¡Hola, amigo del blog del Instituto Fe y Libertad!
Hoy quiero hablarles de un aspecto indispensable para quienes buscan, con sinceridad, el conocimiento a través del estudio, la reflexión y la comprensión de los problemas sociales y humanos. Para reflexionar sobre este mundo, primero necesitamos admirarlo, involucrarnos y amarlo de verdad. A menudo se piensa que el ejercicio intelectual y el razonamiento teórico se realizan en la soledad, encerrados en un mítico coliseo rodeado por los muros del formalismo lógico.
Sin embargo, en este breve artículo quiero destacar algo fundamental, sin lo cual no existirían ni la teoría, ni la reflexión, ni nada: para pensar sobre los problemas del mundo, primero debemos sentirnos conectados con él. ¡Ese mundo debe importarnos! No solo como una obligación moral, sino a través de una fascinación genuina por lo que nos rodea.
No es casualidad que en la raíz de la palabra filosofía se encuentre el amor por la sabiduría. Tampoco debemos olvidar que términos como teoría, que tanto se usa (y gasta) hoy en día, hacen referencia a algo casi sublime: la contemplación. Es decir, querido lector, solo aquellas realidades que nos invitan a una contemplación auténtica, las que realmente representan los valores más profundos de nuestra existencia y nos despiertan fascinación, son las que activan nuestros sentidos y nuestra inteligencia. Son esas experiencias las que nos permiten captar y profundizar en lo esencial del mundo que observamos.
Me gustaría hacer una pregunta a quienes han tenido la amabilidad de leer hasta aquí: ¿es el aspecto moral el que precede a la comprensión del mundo, o es la comprensión del mundo lo que antecede a lo moral? Ambos extremos han generado debates intensos, donde las espadas aún no descansan. Personalmente, me inclino a pensar que el mundo debe ser moralmente relevante para quien pretenda entender siquiera sus aspectos más superficiales.
Esto nos lleva a otra pregunta interesante: ¿Cómo es posible admirar un mundo que parece desmoronarse? ¿Cómo hablar de riqueza cuando la miseria, la enfermedad y la pobreza engullen territorios enteros? ¿Cómo enfocarnos en los avances tecnológicos y el desarrollo cuando tantas realidades parecen señalar hacia la desintegración, la apatía, o incluso la muerte?
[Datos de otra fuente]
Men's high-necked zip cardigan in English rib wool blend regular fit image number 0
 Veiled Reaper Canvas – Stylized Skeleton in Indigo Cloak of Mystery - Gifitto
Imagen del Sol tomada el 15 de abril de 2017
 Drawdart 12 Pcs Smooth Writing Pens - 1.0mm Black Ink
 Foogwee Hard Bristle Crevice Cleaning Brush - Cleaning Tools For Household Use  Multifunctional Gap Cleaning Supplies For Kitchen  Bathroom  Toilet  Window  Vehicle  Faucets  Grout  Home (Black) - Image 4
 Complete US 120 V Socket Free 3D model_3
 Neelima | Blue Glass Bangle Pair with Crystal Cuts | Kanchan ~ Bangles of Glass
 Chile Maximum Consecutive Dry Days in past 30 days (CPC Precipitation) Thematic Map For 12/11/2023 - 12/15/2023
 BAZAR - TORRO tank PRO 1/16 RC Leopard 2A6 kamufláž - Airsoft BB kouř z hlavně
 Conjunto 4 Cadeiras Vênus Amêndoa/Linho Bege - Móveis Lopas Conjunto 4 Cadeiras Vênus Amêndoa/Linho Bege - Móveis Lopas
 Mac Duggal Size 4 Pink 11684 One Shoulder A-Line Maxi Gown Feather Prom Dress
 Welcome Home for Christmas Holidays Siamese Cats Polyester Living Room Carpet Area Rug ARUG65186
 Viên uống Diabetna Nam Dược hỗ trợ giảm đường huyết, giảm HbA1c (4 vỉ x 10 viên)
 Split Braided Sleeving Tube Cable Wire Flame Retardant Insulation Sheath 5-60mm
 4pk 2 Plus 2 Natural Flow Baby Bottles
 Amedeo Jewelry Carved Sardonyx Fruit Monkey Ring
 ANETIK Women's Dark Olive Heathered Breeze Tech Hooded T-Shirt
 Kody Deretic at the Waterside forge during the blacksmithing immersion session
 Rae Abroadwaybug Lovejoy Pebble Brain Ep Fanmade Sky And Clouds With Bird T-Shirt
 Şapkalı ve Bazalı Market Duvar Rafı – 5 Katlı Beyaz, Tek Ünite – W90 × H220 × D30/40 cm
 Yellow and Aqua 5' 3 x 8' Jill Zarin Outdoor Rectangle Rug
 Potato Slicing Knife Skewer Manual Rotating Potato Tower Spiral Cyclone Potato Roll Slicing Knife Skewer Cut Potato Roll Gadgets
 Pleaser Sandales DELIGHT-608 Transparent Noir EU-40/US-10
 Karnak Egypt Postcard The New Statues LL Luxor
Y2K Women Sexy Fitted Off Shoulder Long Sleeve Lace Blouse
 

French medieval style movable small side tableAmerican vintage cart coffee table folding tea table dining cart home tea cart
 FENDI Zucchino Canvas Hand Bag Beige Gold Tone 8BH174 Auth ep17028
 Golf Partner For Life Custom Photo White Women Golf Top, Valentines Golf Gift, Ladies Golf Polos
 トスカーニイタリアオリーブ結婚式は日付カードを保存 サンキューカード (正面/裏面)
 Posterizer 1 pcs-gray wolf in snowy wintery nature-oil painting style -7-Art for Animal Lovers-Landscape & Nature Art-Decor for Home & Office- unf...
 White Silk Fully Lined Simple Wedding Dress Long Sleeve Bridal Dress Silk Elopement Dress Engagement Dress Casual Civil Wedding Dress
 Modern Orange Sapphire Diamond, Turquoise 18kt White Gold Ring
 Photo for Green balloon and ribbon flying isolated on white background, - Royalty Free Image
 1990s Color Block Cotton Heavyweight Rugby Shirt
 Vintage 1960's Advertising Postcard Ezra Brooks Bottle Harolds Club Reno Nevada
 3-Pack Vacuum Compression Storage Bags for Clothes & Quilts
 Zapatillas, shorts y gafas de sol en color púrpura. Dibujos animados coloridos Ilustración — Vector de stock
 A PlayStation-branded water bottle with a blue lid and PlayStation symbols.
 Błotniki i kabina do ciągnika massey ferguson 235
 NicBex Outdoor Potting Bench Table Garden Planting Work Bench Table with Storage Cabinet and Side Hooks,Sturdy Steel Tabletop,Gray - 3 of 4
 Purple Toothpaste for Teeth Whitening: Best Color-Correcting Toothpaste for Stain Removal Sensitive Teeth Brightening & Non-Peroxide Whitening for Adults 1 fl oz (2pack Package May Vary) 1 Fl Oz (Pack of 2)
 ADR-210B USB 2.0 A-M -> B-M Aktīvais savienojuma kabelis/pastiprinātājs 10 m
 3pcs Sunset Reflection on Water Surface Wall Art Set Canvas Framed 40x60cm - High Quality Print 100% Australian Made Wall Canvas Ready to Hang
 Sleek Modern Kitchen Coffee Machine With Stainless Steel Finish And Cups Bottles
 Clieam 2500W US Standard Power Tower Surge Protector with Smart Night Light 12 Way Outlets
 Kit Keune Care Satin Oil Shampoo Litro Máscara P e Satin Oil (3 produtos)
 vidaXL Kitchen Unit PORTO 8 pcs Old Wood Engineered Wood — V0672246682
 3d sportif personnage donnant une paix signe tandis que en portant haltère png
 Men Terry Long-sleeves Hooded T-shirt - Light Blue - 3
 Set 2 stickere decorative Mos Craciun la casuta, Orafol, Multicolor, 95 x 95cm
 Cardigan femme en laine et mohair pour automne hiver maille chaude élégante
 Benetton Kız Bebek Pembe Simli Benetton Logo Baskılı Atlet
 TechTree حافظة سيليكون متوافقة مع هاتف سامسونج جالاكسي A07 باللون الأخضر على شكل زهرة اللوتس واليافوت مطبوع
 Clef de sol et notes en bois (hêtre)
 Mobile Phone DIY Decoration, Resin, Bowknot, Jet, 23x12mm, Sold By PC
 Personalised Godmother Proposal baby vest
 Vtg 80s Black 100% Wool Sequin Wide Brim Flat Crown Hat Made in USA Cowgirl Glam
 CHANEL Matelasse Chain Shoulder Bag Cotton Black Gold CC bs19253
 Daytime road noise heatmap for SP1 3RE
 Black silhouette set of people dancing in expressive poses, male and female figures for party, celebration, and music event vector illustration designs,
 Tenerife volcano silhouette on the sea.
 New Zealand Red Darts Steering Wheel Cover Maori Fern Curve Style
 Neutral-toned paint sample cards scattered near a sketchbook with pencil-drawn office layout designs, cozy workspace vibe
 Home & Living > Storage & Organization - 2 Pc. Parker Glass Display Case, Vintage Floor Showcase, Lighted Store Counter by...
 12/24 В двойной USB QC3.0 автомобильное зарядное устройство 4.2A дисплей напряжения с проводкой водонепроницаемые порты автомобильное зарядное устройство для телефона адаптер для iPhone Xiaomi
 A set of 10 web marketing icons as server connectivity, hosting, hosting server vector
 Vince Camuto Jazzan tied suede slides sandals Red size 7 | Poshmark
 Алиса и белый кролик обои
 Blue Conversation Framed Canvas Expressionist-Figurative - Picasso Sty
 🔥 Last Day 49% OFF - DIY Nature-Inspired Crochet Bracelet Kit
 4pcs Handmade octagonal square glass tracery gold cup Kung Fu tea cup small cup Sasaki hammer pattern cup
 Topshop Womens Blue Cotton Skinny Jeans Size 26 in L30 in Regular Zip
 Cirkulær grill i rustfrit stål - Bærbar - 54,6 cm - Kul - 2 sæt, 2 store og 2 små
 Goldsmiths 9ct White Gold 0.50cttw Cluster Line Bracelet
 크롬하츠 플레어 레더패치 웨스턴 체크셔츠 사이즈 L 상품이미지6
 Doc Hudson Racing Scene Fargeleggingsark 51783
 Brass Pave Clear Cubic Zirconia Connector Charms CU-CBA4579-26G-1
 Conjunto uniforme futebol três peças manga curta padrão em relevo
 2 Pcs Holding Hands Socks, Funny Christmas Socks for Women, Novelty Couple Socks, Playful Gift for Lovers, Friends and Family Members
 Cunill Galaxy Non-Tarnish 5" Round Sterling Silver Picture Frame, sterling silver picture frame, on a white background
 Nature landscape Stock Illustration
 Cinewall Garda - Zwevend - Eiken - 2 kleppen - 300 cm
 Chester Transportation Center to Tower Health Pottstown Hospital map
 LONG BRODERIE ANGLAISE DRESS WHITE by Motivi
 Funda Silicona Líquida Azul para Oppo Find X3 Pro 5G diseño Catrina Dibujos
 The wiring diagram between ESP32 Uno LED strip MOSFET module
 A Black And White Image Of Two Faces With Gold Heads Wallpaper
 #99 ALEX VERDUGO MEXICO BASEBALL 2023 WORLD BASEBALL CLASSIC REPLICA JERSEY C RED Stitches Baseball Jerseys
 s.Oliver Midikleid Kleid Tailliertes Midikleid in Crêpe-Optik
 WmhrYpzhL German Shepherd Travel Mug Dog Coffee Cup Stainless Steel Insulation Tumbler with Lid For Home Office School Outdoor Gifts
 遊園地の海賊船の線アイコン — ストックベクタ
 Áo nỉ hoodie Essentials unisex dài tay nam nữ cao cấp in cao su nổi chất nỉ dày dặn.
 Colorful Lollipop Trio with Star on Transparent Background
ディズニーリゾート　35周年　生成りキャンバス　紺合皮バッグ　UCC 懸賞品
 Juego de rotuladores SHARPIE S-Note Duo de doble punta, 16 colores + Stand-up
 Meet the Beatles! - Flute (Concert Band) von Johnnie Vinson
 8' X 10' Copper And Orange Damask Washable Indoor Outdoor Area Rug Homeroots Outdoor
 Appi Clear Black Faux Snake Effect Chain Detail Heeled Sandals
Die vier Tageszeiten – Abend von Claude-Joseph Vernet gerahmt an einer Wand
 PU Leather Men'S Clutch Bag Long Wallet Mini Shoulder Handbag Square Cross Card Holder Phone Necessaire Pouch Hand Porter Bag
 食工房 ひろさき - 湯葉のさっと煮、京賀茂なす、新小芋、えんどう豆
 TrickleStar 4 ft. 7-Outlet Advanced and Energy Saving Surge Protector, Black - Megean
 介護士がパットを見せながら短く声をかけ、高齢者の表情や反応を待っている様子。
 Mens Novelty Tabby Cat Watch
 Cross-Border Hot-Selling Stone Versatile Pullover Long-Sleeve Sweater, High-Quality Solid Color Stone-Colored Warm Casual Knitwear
Una vez más, la respuesta a estas preguntas recae en lo moral: la única solución es la esperanza en un mundo posible y distinto. Este es el milagro del intelecto (del espíritu): generar una visión poderosa de lo que el mundo puede ser y anclar nuestro corazón en la lucha por ese futuro. Una teoría que no tenga consecuencias prácticas, podrá ser lógica, pero estará condenada a ser profundamente estéril.
Curiosamente, es en esta esperanza donde descansan muchos de los avances en nuestra comprensión de los asuntos humanos. Existe una especie de fe en la posibilidad de la bondad, de la grandeza, de lo sublime, e incluso de un reflejo divino en el ser humano.
Llamamos absurdo no tanto a lo que no entendemos, sino, más bien, a aquello que ha dejado de importarnos. En cambio, vemos con esperanza aquello que, sin siquiera tocarlo, nos inspira a entregar una vida. Así que, observa los pequeños detalles y, antes de que te des cuenta, comenzarás a ver con asombro donde antes solo se encontraba el gris de nuestro mítico coliseo.
Y aunque debí comenzar por esto, aprovecho para felicitar la elección del tema para la Cátedra en memoria de Joseph Keckeissen, propuesta para el 2024. El título no podría ser más oportuno: «La renovación de la esperanza», como uno de los pilares que sostienen nuestro mundo.